Supplied data —
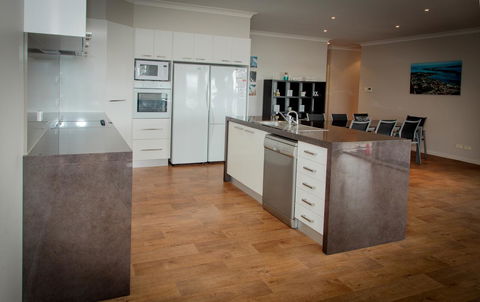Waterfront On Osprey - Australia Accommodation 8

---

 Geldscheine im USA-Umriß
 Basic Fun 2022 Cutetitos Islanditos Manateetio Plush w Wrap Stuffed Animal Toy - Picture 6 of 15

What this task involves — Go to the line with "Geldscheine im USA-Umriß" in the entries above and repeat every line from there through the line with "Basic Fun 2022", exactly and with no other text.

Written answer —
 Geldscheine im USA-Umriß
 Basic Fun 2022 Cutetitos Islanditos Manateetio Plush w Wrap Stuffed Animal Toy - Picture 6 of 15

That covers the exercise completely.